Political Sentiment Classification & Tracking
Padmini Srinivasan (Computer Science, University of Iowa)
Bob Boynton (Political Science, University of Iowa)

Understanding the nature of political discourse on social media allows us to gauge the motivations of its constituent voices and representativeness of its message. A thorough evaluation of sentiment classification algorithms applied to political writings shows this to be a non-trivial task. 

Content Reuse in an Organization
Klaar De Schepper (Columbia University)
Lawrence Bergman (IBM T.J. Watson Research Center)
Jie Lu (IBM T.J. Watson Research Center)

CHI'11 [Honorable Mention]

How important is it for an organization to keep track of the content it generates? Turns out very much so. We track content reuse across a collection of slideshow presentations, modeling the flow of information within the organization. Our ethnographic survey and interviewing effort resulted in a set of guidelines for a content management system that supports modular content search, team management, and provenance tracking. 
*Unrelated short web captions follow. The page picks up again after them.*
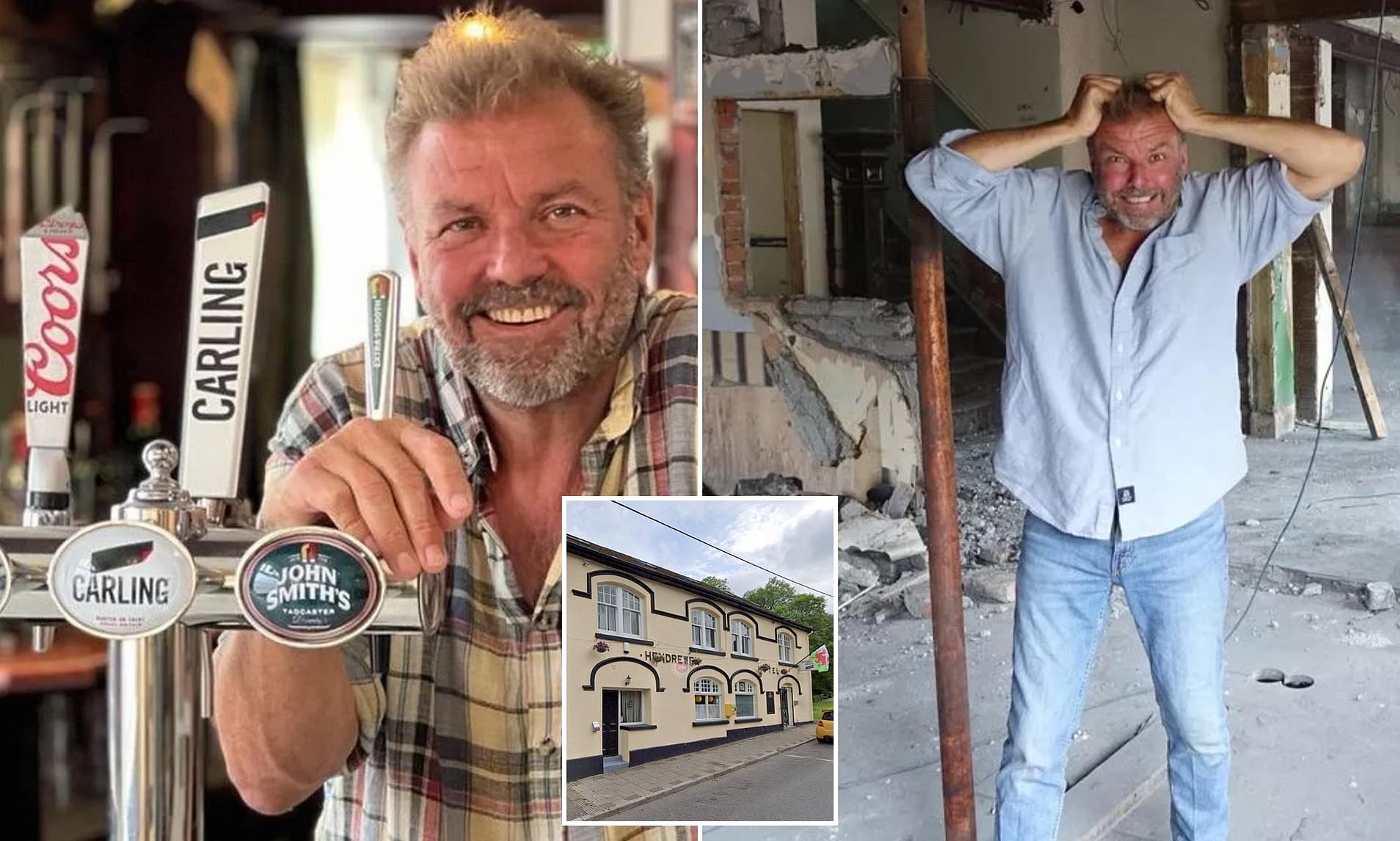 Homes Under The Hammer’s Martin Roberts Denies Plans to Transform Pub into Lap-Dancing Club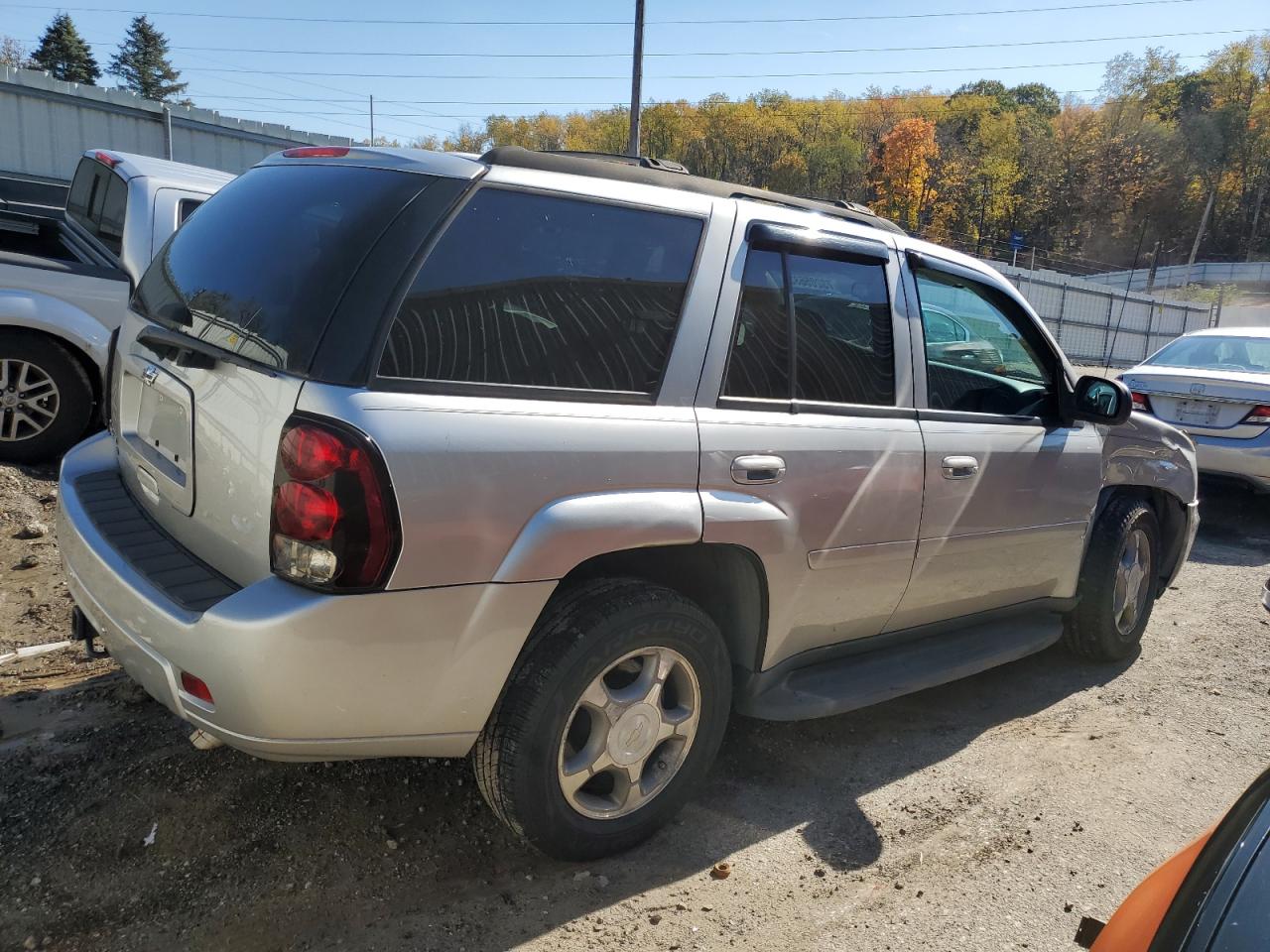 Obraz 3 z 2008 CHEVROLET TRAILBLAZER LS 2008 z VIN 1GNDT13S782213269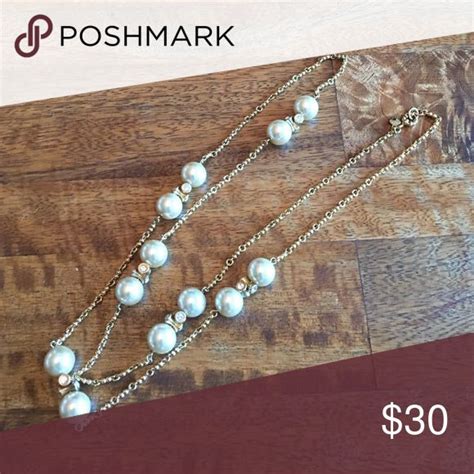 J Crew Pearl Necklace Elegant And Timeless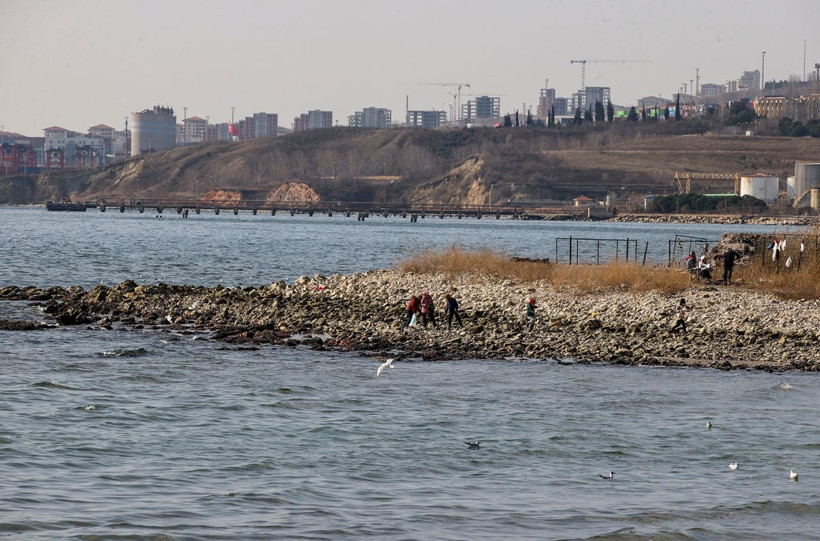 İstanbul'da deniz çekildi; açıklama geldi: 'Sebebi deprem değil' - Resim: 4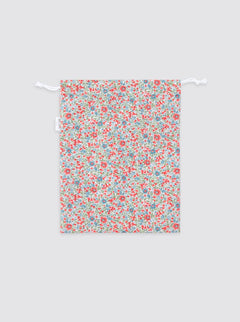 Small Bag with Nice Red Flowers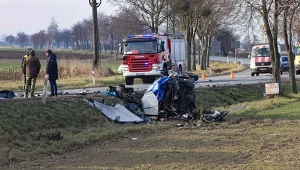 W tragicznym wypadku samochodowym w Brzegu zginęło sześć osób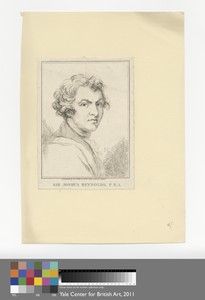 Sir Joshua Reynolds, P. R. A.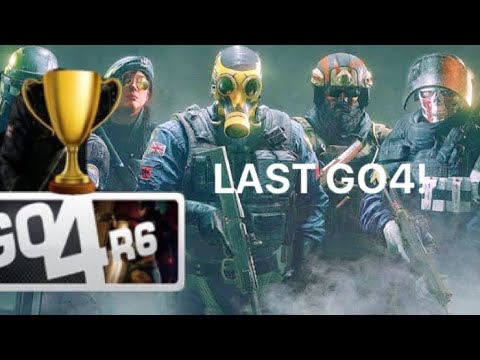 WINNING  THE LAST ESL Go4 TOURAMENT  - Rainbow six siege - PS4/NA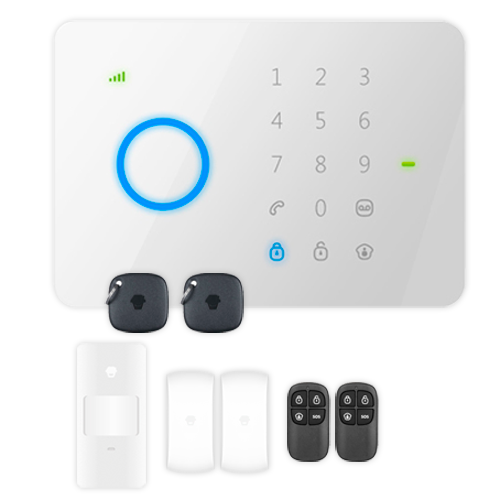 Chuango Kit de alarma doméstica Panel táctil con módulo GSM G5PLUS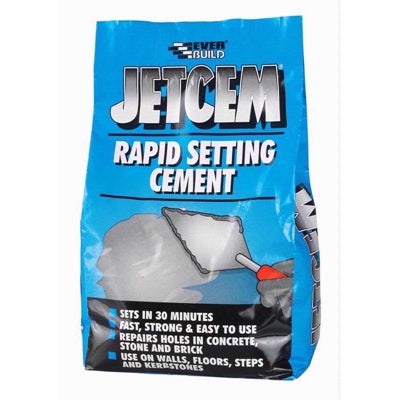 EVERBUILD JET RAPID SET CEMENT 3KG
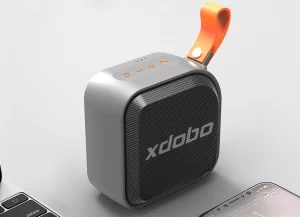 Igazán stílusos az Xdobo féle mini hangszóró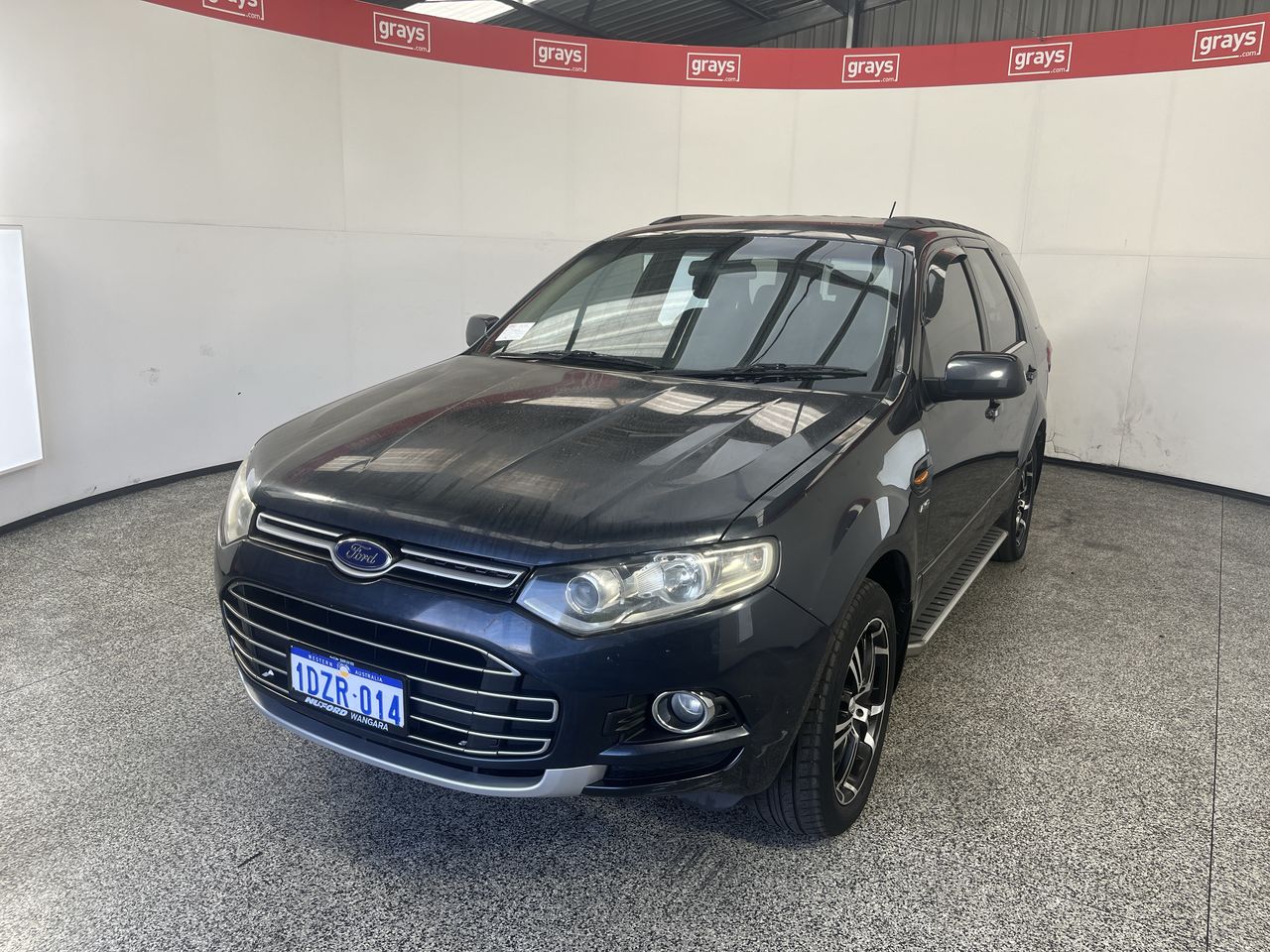 2012 Ford Territory TS (4x4) SZ 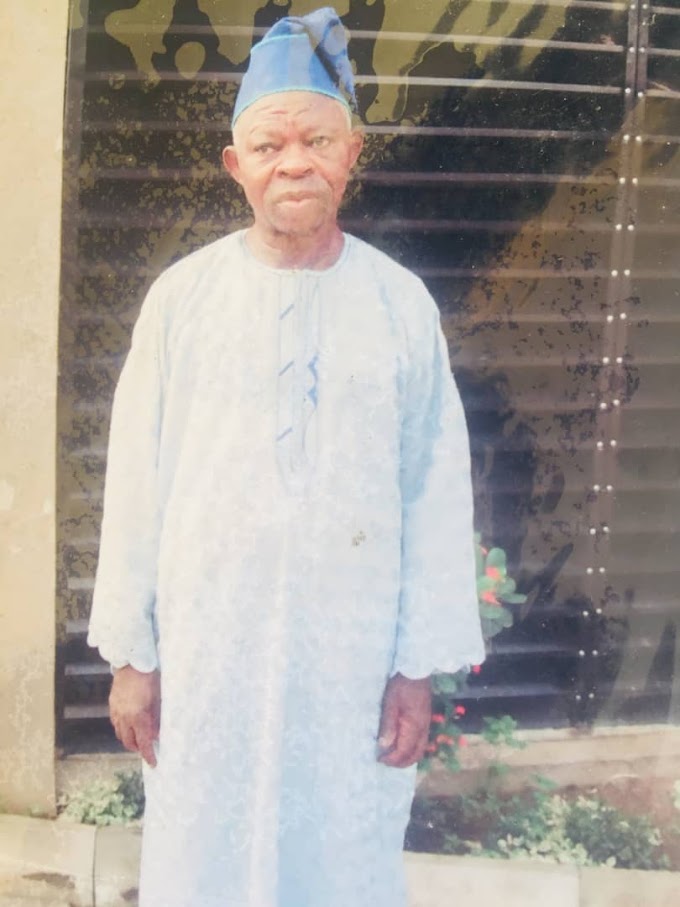  Nollywood Star, Shina Bankole Loses Dad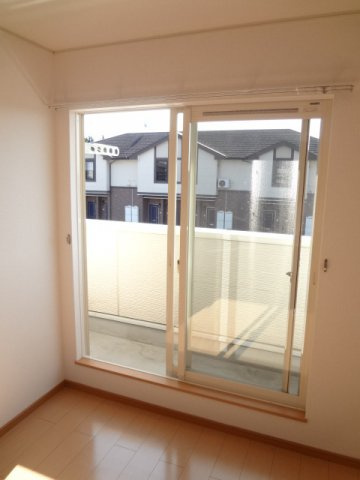 サニ－フィ－ルドⅡのバルコニー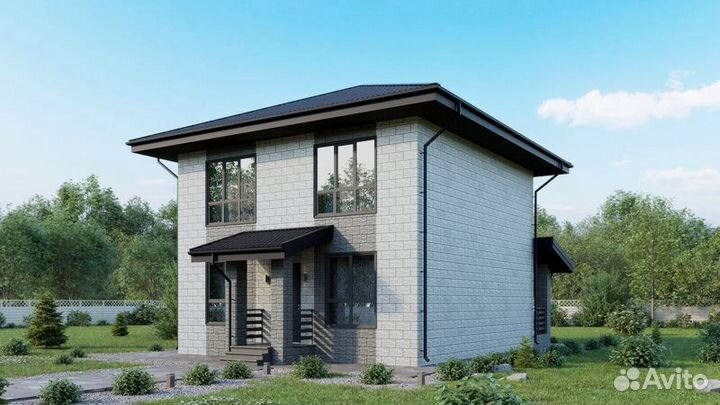 Комплект из теплоблоков 242 м2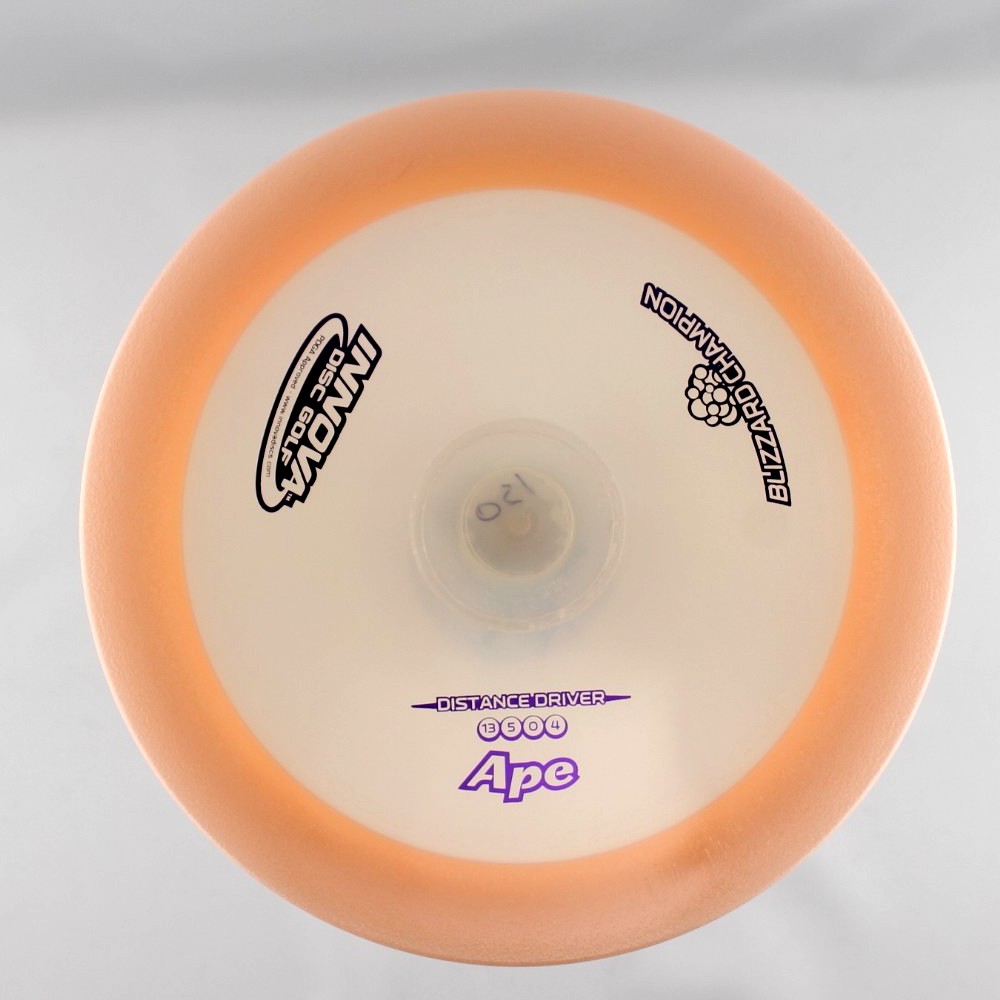 Ape - Standard - Salmon - 151.9 gm -  Disc ID: 374944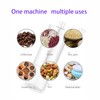 Fsocpen Manual Coffee Grinder,Stainless Steel Manual Coffee Bean Grinder, Adjustable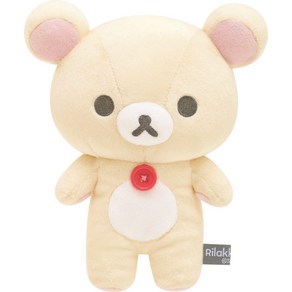 리락쿠마 NEW BASIC RILAKKUMA vol.2 봉제인형 코리락쿠마 MO05301, 1개, 1cm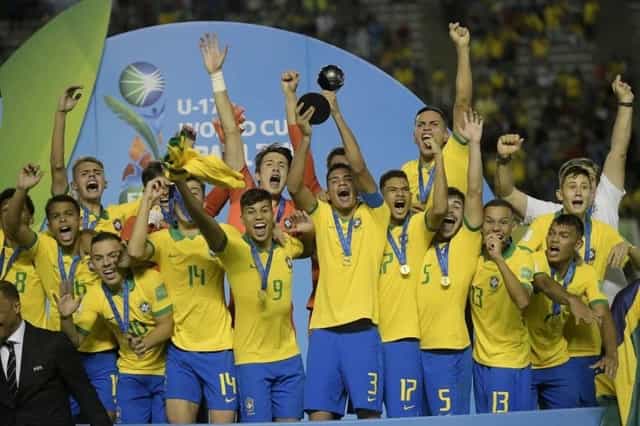 Brazil announce squad for upcoming FIFA U-17 World Cup 2023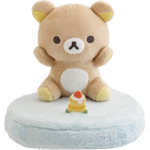 「リラックマ　スマホスタンドぬいぐるみ」（C）2025 SAN-X CO., LTD. ALL RIGHTS RESERVED.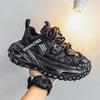 Casual Sneaker Platform Sports Shoes Non-Slip Wear-resistant Men's Sneakers Ventilate Apring and Autumn Soft and Comfortable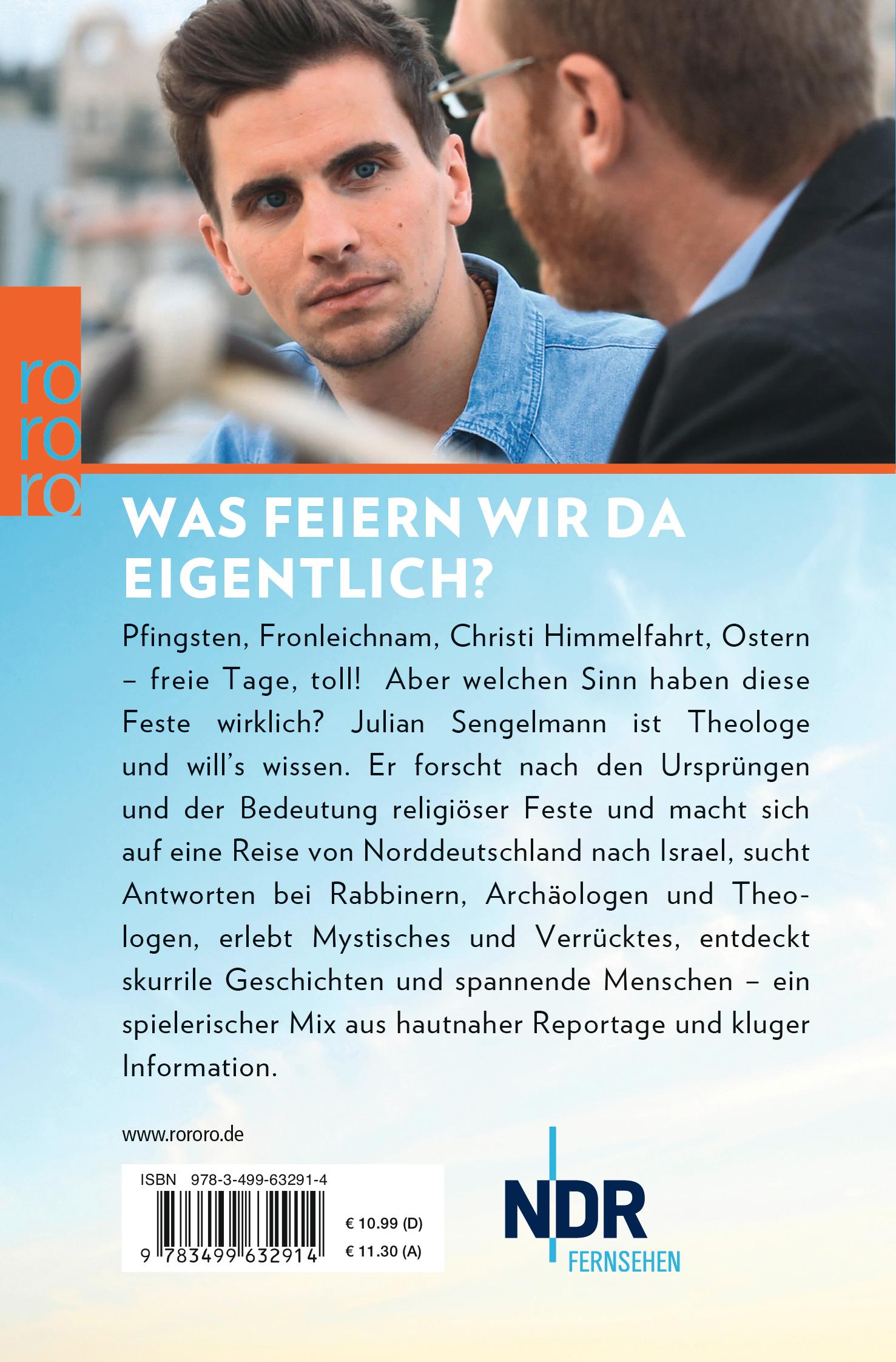 Rückseitencover Feiertag!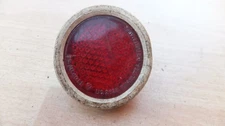 Vintage bicycle Fairylites rear reflector, as shown, fit Raleigh, BSA, Rudge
Event Tracking in Social Media
Viet Ha-Thuc (University of Iowa)
Padmini Srinivasan (University of Iowa)

Large-scale analysis of social media such as blogs allows us a glimpse into the mind of a large segment of Earth's population. This record of people's thoughts can be leveraged to track significant events and discussion about them. Using Viet Ha-Thuc's new topic modeling approach we were able to track major news events over a period of time.